We begin by opening the file /pkg/plugin/datasource.go. In this file you will see the Datasource struct which implements the backend.QueryDataHandler interface. The QueryData method on this struct is where the data fetching happens for a data source plugin.

Each request contains multiple queries to reduce traffic between Grafana and plugins. So you need to loop over the slice of queries, process each query, and then return the results of all queries.

In the tutorial we have extracted a method named query to take care of each query model. Since each plugin has their own unique query model, Grafana sends it to the backend plugin as JSON. Therefore the plugin needs to Unmarshal the query model into something easier to work with.

As you can see the sample only returns static numbers.

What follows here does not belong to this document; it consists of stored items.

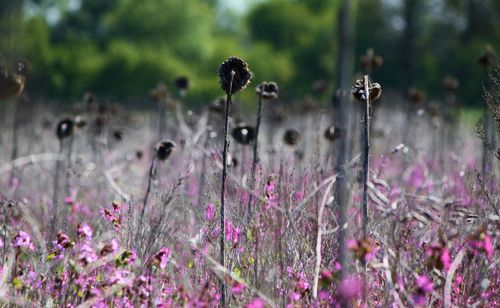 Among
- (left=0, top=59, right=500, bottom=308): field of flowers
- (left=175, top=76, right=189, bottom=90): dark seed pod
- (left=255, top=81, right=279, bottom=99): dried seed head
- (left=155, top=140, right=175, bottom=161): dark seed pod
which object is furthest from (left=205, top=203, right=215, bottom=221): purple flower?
(left=175, top=76, right=189, bottom=90): dark seed pod

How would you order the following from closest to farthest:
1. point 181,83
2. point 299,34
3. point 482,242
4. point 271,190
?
point 482,242 → point 271,190 → point 181,83 → point 299,34

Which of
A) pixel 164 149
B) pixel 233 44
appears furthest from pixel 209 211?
pixel 233 44

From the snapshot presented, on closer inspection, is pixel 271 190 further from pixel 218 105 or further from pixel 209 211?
pixel 218 105

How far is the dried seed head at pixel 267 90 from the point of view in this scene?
699cm

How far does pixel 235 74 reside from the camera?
5.56m

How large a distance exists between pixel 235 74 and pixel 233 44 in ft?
188

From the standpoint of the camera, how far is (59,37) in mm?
51156

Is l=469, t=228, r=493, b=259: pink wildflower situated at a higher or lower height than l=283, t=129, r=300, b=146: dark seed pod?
lower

Try to extend the plugin to return other types of data.

For example to generate three floats equally spaced in time, you can replace the two static numbers generated, using the following code:

duration := query.TimeRange.To.Sub(query.TimeRange.From)
mid := query.TimeRange.From.Add(duration / 2)

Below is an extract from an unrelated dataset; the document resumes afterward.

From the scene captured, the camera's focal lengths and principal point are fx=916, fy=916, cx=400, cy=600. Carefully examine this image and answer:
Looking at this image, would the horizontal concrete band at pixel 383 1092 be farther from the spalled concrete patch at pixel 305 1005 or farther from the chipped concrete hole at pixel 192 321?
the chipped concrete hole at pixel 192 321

s := rand.NewSource(time.Now().UnixNano())
r := rand.New(s)

lowVal := 10.0
highVal := 20.0
midVal := lowVal + (r.Float64() * (highVal - lowVal))

// add fields.
frame.Fields = append(frame.Fields,
data.NewField("time", nil, []time.Time{query.TimeRange.From, mid, query.TimeRange.To}),
data.NewField("values", nil, []float64{lowVal, midVal, highVal}),
)

You can read more about how to build data frames in our docs.

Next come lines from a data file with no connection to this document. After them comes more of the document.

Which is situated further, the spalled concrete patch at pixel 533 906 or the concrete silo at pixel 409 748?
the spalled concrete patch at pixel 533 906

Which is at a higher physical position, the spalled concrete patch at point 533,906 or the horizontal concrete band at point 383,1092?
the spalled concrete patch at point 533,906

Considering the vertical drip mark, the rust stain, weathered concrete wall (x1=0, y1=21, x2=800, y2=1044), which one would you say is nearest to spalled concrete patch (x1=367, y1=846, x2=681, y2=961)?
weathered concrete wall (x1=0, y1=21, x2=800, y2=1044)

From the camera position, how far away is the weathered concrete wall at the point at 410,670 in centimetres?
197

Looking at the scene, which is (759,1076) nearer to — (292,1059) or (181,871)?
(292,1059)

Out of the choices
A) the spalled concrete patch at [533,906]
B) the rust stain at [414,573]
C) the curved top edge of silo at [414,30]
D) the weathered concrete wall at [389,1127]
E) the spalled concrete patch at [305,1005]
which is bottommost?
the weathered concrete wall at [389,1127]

Add support for health checks

Implementing the health check handler allows Grafana to verify that a data source has been configured correctly.

When editing a data source in Grafana's UI, you can Save & Test to verify that it works as expected.

In this sample data source, there is a 50% chance that the health check will be successful. Make sure to return appropriate error messages to the users, informing them about what is misconfigured in the data source.

Open /pkg/plugin/datasource.go. In this file, you'll see that the Datasource struct also implements the backend.CheckHealthHandler interface. Go to the CheckHealth method to see how the health check for this sample plugin is implemented.

To learn more, refer to other Health Check implementations in our examples repository.

Add authentication

Implementing authentication allows your plugin to access protected resources like databases or APIs. To learn more about how to authenticate using a backend plugin, refer to our documentation.

Enable Grafana Alerting

  1. Add the top level alerting property with a value of true to specify that your plugin supports Grafana Alerting, e.g.

    src/plugin.json
    {
    ...
    "backend": true,
    "executable": "gpx_simple_datasource_backend",
    "alerting": true,
    "info": {
    ...
    }
  2. Restart your Grafana instance.

  3. Open Grafana in your web browser.

  4. Verify that alerting is now supported by navigating to your created data source. You should see an "Alerting supported" message in the Settings view.

Create an alert

note

The following instructions are based on Grafana v10.1.1, consult the documentation for alerting for version appropriate guidance.

  1. Open the dashboard you created earlier in the Create a new plugin step.
  2. Edit the existing panel.
  3. Click on the Alert tab underneath the panel.
  4. Click on Create alert rule from this panel button.
  5. In Expressions section, in the Threshold expression C, set the IS ABOVE to 15.
  6. Click on Set as alert condition on Threshold expression C. Your alert should now look as follows.
    Expression section showing B &quot;reduce&quot; with Input: A, Function: Last, Mode: Strict, C Threshold with Input: B, Is Above: 15 and Alert Condition enabled indicator
    Expression section showing B "reduce" with Input: A, Function: Last, Mode: Strict, C Threshold with Input: B, Is Above: 15 and Alert Condition enabled indicator
  7. In Set alert evaluation behavior section, click on New folder button and create a new folder to store an evaluation rule.
  8. Then, click on New evaluation group button and create a new evaluation group; choose a name and set the Evaluation interval to 10s.
  9. Click Save rule and exit button.
  10. Save the dashboard.
  11. After some time the alert rule evaluates and transitions into Alerting state.

Summary

In this tutorial you created a backend for your data source plugin.